### EXERCISE
The required output is the lines below from the line containing "Simsaur Tv-bänk med" to the line containing "Digital network nodes", inclusive, retyped exactly. No other lines belong in it.

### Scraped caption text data
::::::::::
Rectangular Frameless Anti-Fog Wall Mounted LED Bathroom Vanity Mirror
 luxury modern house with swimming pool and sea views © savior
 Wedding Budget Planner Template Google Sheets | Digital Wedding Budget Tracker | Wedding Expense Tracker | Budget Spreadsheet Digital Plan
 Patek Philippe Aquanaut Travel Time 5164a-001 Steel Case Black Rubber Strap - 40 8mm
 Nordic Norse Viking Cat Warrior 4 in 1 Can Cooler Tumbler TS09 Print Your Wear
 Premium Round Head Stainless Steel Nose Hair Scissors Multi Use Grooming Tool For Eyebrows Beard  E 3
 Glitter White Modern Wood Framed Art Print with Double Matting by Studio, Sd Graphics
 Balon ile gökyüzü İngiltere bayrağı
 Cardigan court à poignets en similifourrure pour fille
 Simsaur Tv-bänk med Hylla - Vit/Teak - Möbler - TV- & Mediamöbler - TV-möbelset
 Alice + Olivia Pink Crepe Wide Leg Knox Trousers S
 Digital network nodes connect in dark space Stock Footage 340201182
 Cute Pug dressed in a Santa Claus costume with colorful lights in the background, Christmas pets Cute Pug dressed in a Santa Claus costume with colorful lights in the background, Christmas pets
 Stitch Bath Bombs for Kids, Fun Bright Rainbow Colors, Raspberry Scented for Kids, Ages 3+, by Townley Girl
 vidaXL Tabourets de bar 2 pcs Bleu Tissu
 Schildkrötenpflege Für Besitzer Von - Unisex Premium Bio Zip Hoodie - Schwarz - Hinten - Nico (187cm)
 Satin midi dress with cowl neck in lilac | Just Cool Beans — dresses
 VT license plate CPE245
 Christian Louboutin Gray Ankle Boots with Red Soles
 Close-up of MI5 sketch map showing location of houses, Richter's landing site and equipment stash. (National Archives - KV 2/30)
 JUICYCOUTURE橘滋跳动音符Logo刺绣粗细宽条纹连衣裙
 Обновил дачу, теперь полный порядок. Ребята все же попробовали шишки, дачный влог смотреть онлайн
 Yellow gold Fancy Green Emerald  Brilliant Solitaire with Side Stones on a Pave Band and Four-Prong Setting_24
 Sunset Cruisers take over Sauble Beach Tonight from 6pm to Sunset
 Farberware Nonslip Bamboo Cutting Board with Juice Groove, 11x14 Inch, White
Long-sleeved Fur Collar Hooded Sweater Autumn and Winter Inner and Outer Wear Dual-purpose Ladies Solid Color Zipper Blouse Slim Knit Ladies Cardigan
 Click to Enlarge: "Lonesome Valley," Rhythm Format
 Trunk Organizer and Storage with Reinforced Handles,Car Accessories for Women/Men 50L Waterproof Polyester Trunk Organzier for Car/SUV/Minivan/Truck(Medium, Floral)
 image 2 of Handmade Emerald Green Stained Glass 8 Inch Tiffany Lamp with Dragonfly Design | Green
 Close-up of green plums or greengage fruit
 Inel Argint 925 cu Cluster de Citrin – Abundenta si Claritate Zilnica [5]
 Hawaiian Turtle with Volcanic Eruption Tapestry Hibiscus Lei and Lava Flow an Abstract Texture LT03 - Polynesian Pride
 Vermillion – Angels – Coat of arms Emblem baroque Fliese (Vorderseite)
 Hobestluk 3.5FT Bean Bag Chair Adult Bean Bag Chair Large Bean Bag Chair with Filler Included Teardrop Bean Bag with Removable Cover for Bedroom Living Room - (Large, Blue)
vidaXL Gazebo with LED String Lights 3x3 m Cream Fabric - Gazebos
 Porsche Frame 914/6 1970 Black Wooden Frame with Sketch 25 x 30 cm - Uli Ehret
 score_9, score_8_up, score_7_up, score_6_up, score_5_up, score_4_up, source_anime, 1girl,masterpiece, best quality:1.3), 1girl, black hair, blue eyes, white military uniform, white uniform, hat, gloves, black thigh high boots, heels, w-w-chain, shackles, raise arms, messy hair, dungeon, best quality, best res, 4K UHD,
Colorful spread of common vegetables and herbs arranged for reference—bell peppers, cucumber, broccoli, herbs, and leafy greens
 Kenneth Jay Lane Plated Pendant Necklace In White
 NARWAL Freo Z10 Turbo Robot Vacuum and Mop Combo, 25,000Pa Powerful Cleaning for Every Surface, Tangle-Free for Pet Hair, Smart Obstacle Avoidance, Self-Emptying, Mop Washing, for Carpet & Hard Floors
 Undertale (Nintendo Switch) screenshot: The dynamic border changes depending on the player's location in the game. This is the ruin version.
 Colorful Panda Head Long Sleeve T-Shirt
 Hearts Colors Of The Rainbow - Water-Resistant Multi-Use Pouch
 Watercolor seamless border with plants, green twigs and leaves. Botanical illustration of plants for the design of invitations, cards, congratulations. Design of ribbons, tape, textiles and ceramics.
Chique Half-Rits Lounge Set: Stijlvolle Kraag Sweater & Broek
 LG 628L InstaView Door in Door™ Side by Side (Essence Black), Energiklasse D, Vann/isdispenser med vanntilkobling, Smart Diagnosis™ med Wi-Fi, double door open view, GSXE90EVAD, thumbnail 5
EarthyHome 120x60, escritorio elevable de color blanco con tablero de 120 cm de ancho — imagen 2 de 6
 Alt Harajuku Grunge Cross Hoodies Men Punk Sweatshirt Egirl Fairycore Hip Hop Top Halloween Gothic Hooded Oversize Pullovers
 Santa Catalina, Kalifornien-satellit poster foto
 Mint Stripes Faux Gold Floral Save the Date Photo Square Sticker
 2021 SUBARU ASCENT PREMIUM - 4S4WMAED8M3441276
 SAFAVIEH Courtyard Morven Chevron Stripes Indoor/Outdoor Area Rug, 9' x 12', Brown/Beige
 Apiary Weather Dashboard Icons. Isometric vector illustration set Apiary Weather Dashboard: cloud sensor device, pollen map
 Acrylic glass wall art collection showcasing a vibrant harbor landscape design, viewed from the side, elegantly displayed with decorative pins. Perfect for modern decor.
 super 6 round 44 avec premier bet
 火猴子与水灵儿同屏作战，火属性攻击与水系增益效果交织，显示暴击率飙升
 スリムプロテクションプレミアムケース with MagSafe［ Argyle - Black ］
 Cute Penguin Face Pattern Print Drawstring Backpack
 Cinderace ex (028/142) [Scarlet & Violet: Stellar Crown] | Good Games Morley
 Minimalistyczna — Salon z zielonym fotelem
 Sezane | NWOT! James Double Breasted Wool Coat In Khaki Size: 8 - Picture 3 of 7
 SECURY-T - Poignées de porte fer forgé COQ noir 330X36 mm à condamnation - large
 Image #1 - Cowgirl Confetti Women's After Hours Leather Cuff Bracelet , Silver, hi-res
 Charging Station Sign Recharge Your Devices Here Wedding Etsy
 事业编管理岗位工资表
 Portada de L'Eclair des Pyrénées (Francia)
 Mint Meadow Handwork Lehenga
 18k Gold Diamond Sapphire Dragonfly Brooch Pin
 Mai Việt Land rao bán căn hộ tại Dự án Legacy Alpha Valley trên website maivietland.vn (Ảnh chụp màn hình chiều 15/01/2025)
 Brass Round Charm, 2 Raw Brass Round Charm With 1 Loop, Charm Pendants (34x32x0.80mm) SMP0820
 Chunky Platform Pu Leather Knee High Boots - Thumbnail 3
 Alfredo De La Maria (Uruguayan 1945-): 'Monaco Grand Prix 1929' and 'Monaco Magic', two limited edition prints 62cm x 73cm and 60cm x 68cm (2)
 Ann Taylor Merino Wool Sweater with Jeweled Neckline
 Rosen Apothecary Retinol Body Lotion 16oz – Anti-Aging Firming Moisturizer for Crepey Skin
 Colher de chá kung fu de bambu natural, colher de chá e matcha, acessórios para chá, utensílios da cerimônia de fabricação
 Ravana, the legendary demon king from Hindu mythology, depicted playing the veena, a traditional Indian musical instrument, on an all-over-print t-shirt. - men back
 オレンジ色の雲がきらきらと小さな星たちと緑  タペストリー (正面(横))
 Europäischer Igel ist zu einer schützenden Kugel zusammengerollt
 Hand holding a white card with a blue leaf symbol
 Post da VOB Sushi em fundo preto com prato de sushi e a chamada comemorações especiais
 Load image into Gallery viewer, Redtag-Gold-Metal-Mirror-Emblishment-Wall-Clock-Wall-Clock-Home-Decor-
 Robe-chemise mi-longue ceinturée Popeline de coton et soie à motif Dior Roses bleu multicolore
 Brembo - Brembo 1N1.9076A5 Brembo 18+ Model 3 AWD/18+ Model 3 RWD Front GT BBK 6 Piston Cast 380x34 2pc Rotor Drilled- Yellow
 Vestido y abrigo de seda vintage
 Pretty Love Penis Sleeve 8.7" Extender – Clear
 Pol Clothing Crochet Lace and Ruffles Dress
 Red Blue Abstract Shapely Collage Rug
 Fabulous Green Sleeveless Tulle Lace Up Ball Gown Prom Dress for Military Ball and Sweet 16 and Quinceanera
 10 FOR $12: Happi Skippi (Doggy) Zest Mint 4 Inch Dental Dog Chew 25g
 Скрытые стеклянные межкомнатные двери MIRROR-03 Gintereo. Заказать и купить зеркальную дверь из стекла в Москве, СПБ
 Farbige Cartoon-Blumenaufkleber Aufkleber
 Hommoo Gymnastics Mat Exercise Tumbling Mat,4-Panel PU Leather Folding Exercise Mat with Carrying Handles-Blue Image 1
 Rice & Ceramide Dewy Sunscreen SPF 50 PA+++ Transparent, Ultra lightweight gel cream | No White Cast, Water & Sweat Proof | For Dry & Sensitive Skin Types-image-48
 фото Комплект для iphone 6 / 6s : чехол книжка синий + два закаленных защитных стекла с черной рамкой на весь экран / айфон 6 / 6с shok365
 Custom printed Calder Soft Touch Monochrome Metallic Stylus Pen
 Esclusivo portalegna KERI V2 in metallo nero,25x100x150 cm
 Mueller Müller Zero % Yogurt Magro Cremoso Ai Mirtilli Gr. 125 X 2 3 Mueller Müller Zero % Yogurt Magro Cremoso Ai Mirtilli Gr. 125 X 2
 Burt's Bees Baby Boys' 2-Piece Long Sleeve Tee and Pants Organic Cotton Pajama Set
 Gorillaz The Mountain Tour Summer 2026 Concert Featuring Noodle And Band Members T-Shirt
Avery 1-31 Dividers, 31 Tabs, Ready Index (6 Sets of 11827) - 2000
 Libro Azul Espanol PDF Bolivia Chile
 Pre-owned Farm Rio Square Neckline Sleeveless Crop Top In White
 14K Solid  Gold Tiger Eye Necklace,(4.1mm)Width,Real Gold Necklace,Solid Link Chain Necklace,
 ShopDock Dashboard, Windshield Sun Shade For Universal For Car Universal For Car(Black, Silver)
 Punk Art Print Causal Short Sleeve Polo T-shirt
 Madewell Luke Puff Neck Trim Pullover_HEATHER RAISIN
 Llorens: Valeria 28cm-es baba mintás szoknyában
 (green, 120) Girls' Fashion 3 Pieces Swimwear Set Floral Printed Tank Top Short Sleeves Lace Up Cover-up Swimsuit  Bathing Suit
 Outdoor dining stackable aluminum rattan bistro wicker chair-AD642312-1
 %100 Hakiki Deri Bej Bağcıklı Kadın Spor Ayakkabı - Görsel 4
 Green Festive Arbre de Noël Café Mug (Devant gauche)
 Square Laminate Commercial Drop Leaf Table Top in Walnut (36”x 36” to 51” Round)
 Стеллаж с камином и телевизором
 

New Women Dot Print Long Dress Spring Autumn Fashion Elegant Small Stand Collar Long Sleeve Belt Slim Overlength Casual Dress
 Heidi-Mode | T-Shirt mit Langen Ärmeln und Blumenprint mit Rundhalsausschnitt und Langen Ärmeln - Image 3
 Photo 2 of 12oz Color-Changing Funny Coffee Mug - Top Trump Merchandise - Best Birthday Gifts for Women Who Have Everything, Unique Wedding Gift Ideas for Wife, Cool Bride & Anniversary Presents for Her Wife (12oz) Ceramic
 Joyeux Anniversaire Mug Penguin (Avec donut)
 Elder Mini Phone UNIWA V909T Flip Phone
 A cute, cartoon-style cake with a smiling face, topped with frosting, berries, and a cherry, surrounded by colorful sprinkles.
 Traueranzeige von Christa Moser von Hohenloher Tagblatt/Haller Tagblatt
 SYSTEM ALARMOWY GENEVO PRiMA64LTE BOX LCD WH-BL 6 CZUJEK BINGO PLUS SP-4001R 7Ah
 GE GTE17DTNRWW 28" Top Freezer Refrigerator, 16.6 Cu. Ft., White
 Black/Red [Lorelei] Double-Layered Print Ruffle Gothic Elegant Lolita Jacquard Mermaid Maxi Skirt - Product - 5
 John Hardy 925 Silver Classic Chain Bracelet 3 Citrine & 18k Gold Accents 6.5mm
::::::::::
### RESPONSE BELOW
 Simsaur Tv-bänk med Hylla - Vit/Teak - Möbler - TV- & Mediamöbler - TV-möbelset
 Alice + Olivia Pink Crepe Wide Leg Knox Trousers S
 Digital network nodes connect in dark space Stock Footage 340201182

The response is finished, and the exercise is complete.